## THE PROBLEM
There is material below. Print exactly the lines starting at the line with "Parascintille Pieghevole con" and ending at the line with "AK / Ansichtskarte", ends included, and no others.

## EXTRACTED ENTRIES
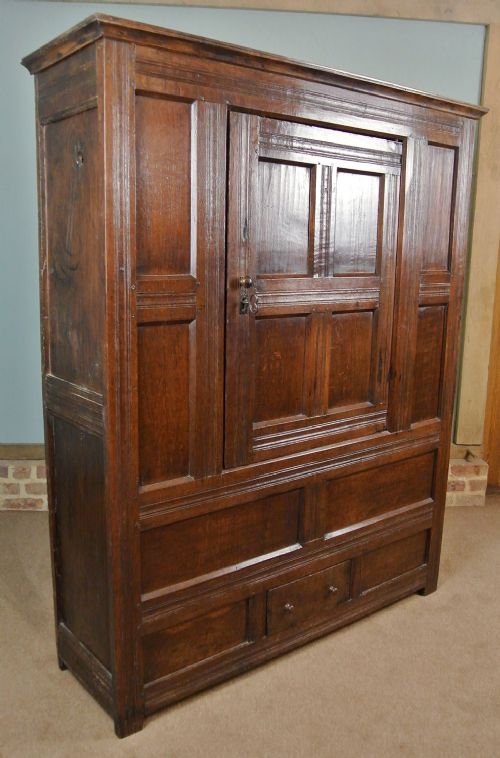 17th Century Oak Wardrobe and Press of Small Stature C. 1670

* * *

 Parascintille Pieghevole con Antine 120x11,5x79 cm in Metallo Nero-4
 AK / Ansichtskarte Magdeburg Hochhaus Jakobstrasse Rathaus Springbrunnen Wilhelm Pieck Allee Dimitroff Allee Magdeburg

## YOUR RESPONSE
 Parascintille Pieghevole con Antine 120x11,5x79 cm in Metallo Nero-4
 AK / Ansichtskarte Magdeburg Hochhaus Jakobstrasse Rathaus Springbrunnen Wilhelm Pieck Allee Dimitroff Allee Magdeburg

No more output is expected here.